While Niksi observed him with her chin propped up, he emptied the water container and sprayed alcohol on the paint.
Moving the unfinished painting to cool shade, he muttered.
"It's a painting I wanted to see before I die."
Is he Nero? Niksi scratched her hair.
"Hey, painter. Where's *Patrasche? Haha."
"..."
"You don't understand jokes."
Since he finished his painting, it was time to be kicked out of the house.
Niksi got up. Today she had the great plan of 'gathering mugwort growing in his yard on the way home.'
Plus, there were unharvested wheat grains scattered in the nearby wild wheat fields.
If she picked up grains that hadn't rotted and gathered mugwort, she could make mugwort rice cakes for dinner.

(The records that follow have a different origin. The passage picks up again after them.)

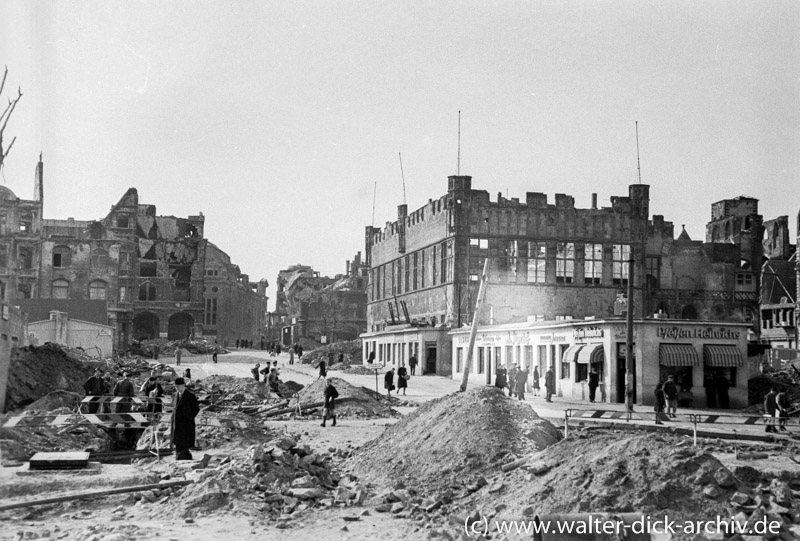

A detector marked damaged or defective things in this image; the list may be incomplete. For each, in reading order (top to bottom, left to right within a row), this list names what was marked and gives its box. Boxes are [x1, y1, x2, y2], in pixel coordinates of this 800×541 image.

bomb-damaged facade [0, 158, 268, 348]
bomb-damaged facade [360, 175, 764, 378]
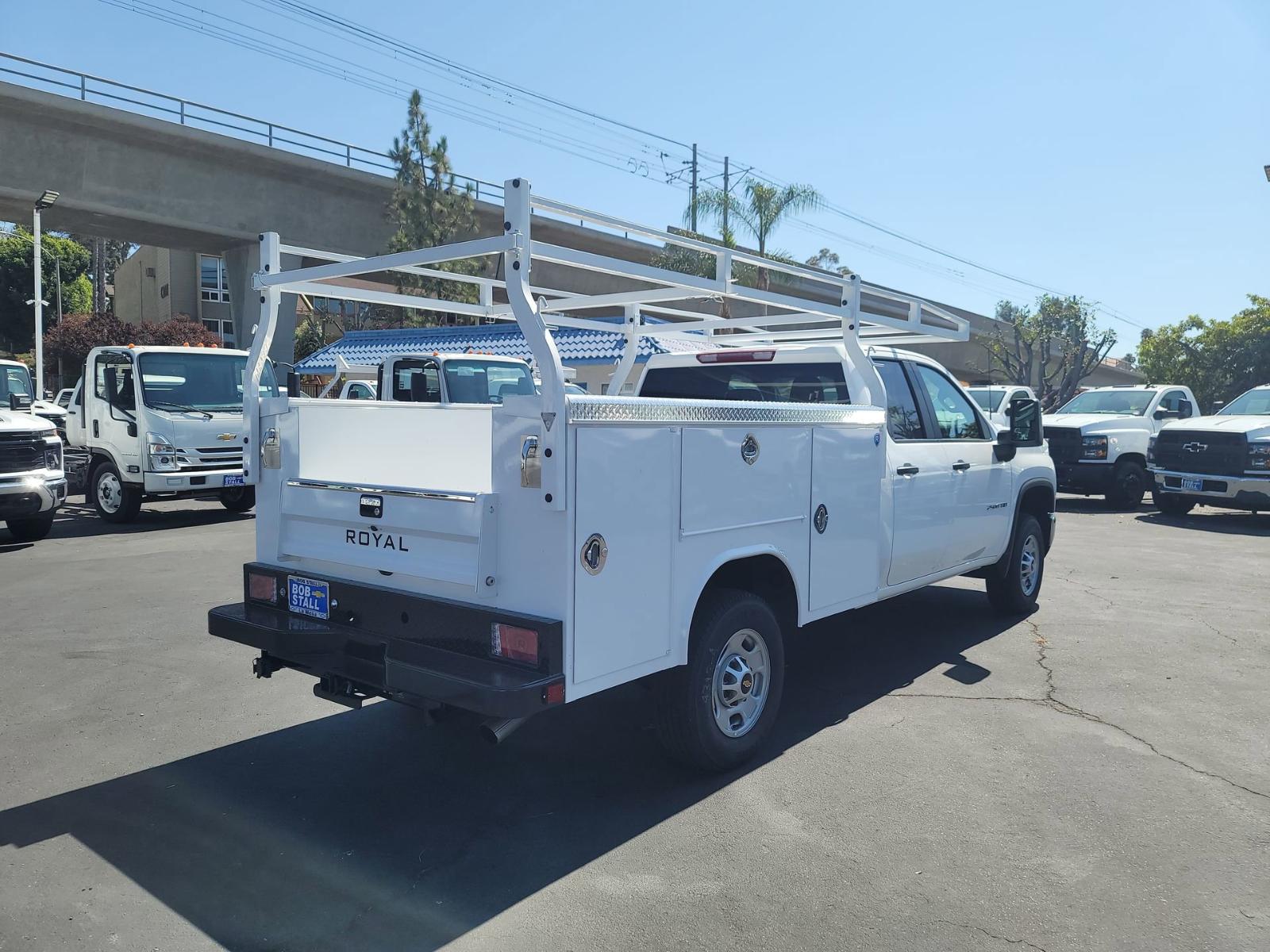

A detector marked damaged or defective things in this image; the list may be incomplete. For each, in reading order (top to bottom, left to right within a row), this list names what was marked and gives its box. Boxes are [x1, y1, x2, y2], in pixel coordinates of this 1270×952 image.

crack in asphalt [889, 619, 1264, 807]
crack in asphalt [934, 919, 1051, 949]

"Bye painter. I hope you feel like painting tomorrow."
"The Rouvus Museum... how much donation is needed to enter?"
"Huh?"
Benjamin asked while organizing his painting supplies.
Museum. Donation.
The Rouvus Museum, built with Catholic donations, required quite a large donation for entry due to the lofty Pope's tastes.

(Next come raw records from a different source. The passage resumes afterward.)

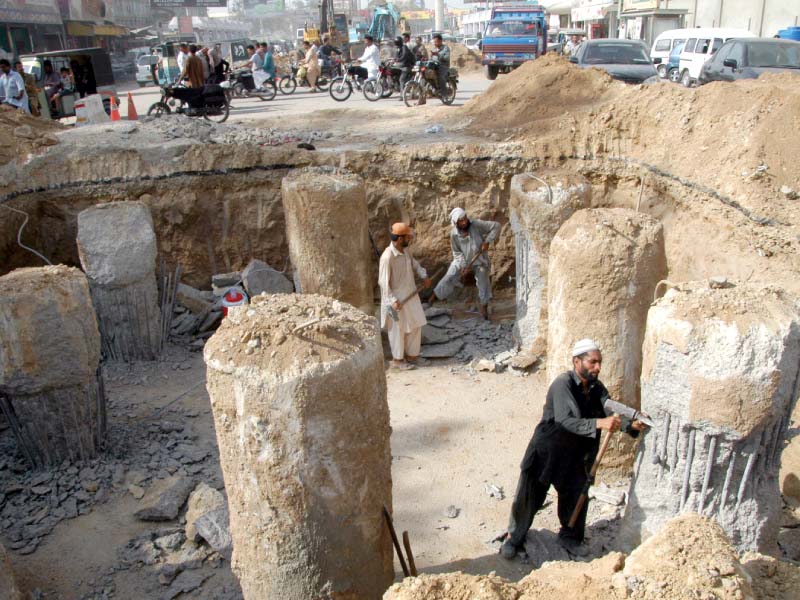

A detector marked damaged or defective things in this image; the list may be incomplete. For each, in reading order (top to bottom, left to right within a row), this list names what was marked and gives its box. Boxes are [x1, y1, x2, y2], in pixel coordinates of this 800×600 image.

broken concrete [0, 266, 104, 468]
broken concrete [77, 202, 162, 360]
broken concrete [244, 256, 296, 296]
broken concrete [205, 292, 392, 596]
broken concrete [282, 166, 376, 312]
broken concrete [510, 172, 592, 352]
broken concrete [548, 209, 664, 476]
broken concrete [624, 282, 800, 552]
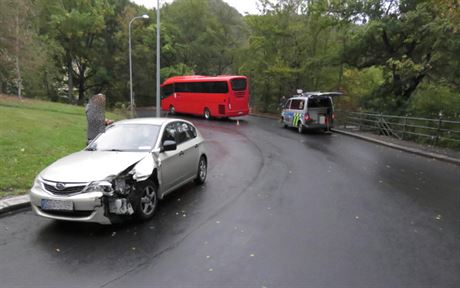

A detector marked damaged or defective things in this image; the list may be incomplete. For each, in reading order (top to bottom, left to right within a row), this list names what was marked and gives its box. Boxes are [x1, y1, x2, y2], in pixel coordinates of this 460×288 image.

crumpled front bumper [29, 184, 111, 225]
damaged silver car [29, 117, 208, 225]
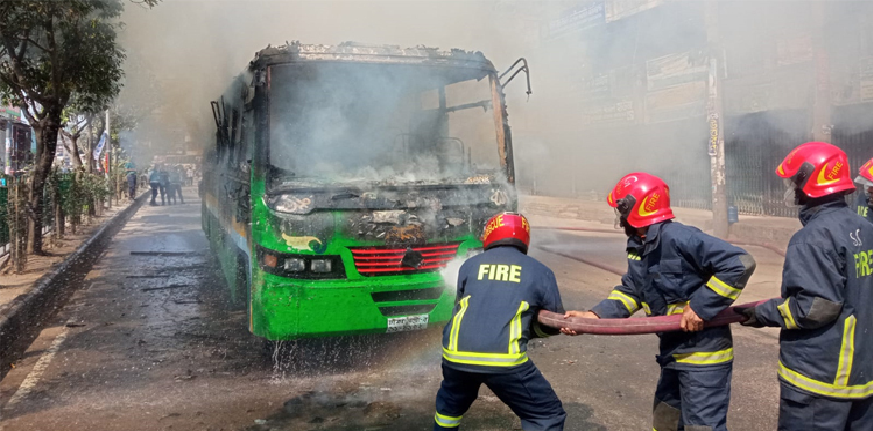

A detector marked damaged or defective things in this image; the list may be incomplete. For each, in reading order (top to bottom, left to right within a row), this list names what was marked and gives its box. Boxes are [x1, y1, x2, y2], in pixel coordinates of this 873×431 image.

burned bus [204, 42, 528, 342]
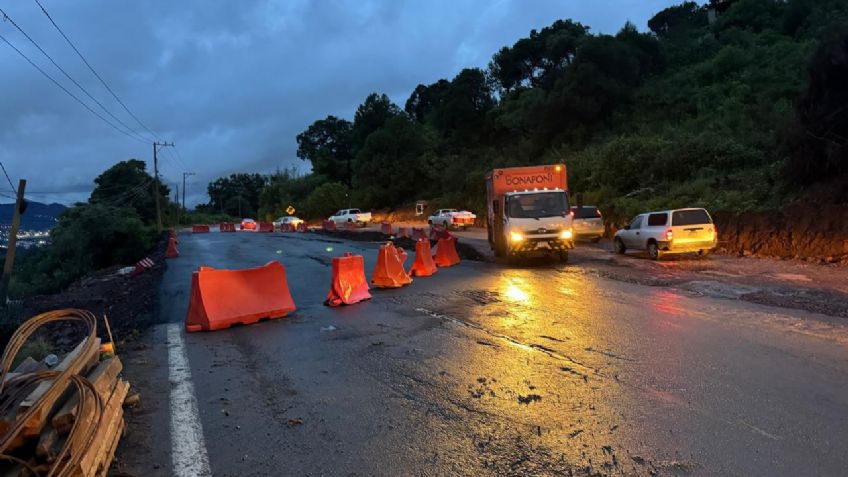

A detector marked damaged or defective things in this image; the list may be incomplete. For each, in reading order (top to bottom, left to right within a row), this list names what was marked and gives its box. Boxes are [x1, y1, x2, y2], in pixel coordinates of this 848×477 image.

cracked road surface [114, 230, 848, 472]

They said they collected donations for those suffering after the war, but Niksi knew. That all those donations were filling the Pope's belly.
Only then understanding what he meant, Niksi awkwardly showed off her knowledge by holding up three fingers.
"It can't be 30 euros."
"Of course, add one more zero. 300 euros."
"I see."
It was a matter-of-fact answer, as if he hadn't expected anything different.

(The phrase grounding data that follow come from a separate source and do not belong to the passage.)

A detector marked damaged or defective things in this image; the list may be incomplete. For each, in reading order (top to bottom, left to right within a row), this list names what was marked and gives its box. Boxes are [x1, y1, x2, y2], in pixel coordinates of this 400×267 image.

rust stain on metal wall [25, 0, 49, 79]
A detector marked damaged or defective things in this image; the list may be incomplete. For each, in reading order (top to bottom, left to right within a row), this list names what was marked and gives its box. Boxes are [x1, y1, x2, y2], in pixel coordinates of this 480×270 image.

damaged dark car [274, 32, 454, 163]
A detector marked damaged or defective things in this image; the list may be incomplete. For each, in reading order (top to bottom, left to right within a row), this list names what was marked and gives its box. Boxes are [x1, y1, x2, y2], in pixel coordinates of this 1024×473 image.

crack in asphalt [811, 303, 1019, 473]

Without a chance to explain, the conversation ended, so Niksi left feeling only awkward.
'Oh right. I was going to pick the mugwort in the yard.'
She crouched in the corner of the yard. Winter mugwort was intense. Having survived winter, the fragrance was strong but also a bit tough.
The best would be to pick new shoots, but hungry Niksi didn't care.
Since she had to pick up wheat grains before sunset, she roughly gathered mugwort.
The abundantly picked mugwort piled up nicely in her sweater front.
This should be enough. Niksi turned around with a satisfied face, shaking dirt off her sleeves.
The door she thought would be closed was open. Benjamin was leaning against the doorframe with a weary expression, having apparently been watching for some time.
"Why? Now you feel like painting?"
Niksi patted her tingling legs from crouching.
The answer was predictably "No." "I don't want to." "Get lost." 'Silence' and so on, but.
"Yes."
"Yes, I didn't expect... What?"
"I said 'yes.'"
"Really?"
Niksi jumped up. Mugwort fell from her sweater front.
"Good! No taking it back. I can pay right away."
"No."
"What now..."
Did he want more money? Niksi looked up at him with an anxious face.
Benjamin had an uncharacteristically awkward expression.
'Damn. He definitely looks ready to ask for 30 more euros.'
Niksi swallowed dry saliva.
"You said someone you know had that painting."
"Huh? Right."
"You said the Rouvus Museum was in your hometown..."
"Yeah."
"Did someone you know donate it to the Rouvus Museum?"
"Right."
"Then. Staff entry would be possible."
"That... would be right?"
"No payment needed."
"What?"
No payment needed? Niksi tilted her head as if she couldn't understand.
Of course, she wasn't against free things.
She was at the point where if she ran out of money right now, she'd have to sustain her life by digging grass roots until the sweet potato harvest.
Niksi stared at him expectantly. Benjamin pressed his tired eyes with his hand, opened them again and spoke.
"Show me Christ at Emmaus."
What Niksi overlooked when she readily accepted the painter's proposal was that the travel cost to her hometown was about her entire fortune, and that painting wasn't at the Rouvus Museum.
"Damn it. I should have just given that bastard Jackie soap made by Helen as a gift. I could have claimed it was a local specialty!"
Niksi belatedly tugged at her hair, but the deal had already been struck.
Translator Note:
*"A Dog of Flanders" reference - Nello ("Nero" by her account) and his dog Patrasche die while viewing a Rubens painting. In Niksi's typical irreverent humor - she's mocking his melodramatic statement by comparing him to a fictional character known for dying while viewing art.